Nearly a month after a Cary homicide sparked concerns through the local Indian community, police have not made any arrests, and friends of the victim are seeking answers.
Nalini Tellaprolu’s death was ruled a homicide last month by the State Medical Examiner’s Office after her son found her Dec. 17, in the garage of their west Cary home on Roland Glen Road.
“I know a lot of friends are concerned, and we’d all like to put this behind us,” said Cary resident Vijay Javvadi, a family friend. “I think unless there is a solid conclusive finding, we’ll all be in flux being concerned and afraid of what really happened.”
Cary Police Capt. Randall Rhyne, who is head of investigations, would not comment on whether there are any suspects. He also wouldn’t disclose a cause of death or reveal when an announcement might be made about the investigation.
“It is still an active investigation at this time,” Rhyne said.
The uncertainty surrounding the case prompted the Cary and Morrisville Police Departments, as well as local elected officials, to meet with members of the Indian community Dec. 22 at the Hindu Society of North Carolina’s main hall in Morrisville to tell residents that they don’t believe the Indian community is being targeted.
Meanwhile, Tellaprolu’s friends remember the 51-year-old woman as a fun-loving, caring and attentive mother.
Longtime friend Padma Tummala said Tellaprolu often spoke fondly of her daughter, Avani, and son, Arnav. She said she remembered when Tellaprolu told her how Arnav, who attends Green Hope High School, stayed up late working on homework. She would stay up with him to ensure he had plenty of snacks.
“She took part in every way in their life – in their studies, in their activities,” Tummala said. “She was a friend to them, and she was a guide to them. She supported them in every way.”
Tummala said Tellaprolu moved to Cary from Detroit in 2008 with her husband, Mahesh, and Arnav to be closer to Avani, who was attending the N.C. School of Math and Science. After moving to Cary, Tellaprolu and Tummala often spent time together at parties, on walks, at the beach and other activities with their group of friends.
The last time Javvadi saw her, she was dancing at a festival attended by close friends.
“She was lively, very enthusiastic,” he said. “She was out there dancing with the rest of us. Very jovial, fun-loving character.”
Friends said Tellaprolu loved to cook and described her as always willing to lend a helping hand. She worked at Duke University Health System as a testing coordinator and QA team lead and also served on the board of directors for the Triangle Area Telugu Association, a nonprofit that seeks to promote southeastern Indian culture.

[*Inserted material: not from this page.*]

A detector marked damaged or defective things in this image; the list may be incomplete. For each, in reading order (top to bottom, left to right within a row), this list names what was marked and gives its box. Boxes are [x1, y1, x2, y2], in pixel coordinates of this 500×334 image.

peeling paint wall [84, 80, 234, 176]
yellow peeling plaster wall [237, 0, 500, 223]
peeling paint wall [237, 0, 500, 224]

In the days after Tellaprolu’s death, the mood in the Upchurch Farms subdivision off Waldo Rood Boulevard shifted. Weeks have past, and neighbors don’t want to talk about the homicide.
One resident, who wished to remain anonymous, said law enforcement vehicles were outside Tellaprolu’s home for several days after her body was found.

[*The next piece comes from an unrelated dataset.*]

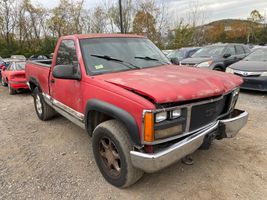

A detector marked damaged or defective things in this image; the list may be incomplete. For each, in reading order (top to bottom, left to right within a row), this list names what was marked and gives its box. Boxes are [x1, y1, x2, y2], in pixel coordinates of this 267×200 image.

dented hood [97, 65, 245, 104]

“It was pandemonium for many days,” the resident said.
Those in the Indian community felt many of those concerns, and not all felt reassured after the meeting with the police departments.

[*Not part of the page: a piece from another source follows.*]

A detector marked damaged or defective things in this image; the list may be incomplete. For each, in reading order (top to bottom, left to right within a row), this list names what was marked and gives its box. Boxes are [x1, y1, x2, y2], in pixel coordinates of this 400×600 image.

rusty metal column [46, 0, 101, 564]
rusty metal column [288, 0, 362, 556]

“I think people are still worried,” said Sakti Singh, a Cary resident who attended the meeting.
“We do see that things are happening more often, you know, during Indian festival season like Diwali and other times,” Singh said. “People are talking about that this is happening, and people are buying security cameras.”
Javvadi said he hopes the investigation provides closure and answers many of the questions friends are asking, including how and why their loved one died.
Tummala still gets choked up talking about her longtime friend and hopes the investigation isn’t the last memory people have of Tellaprolu.
“She should be remembered as beautiful, loving,” Tummala said. “She uplifts the environment when she is around, and she is a very happy person. We miss her really, dearly, in every group meeting, every gathering. Cary could never been the same hereafter.”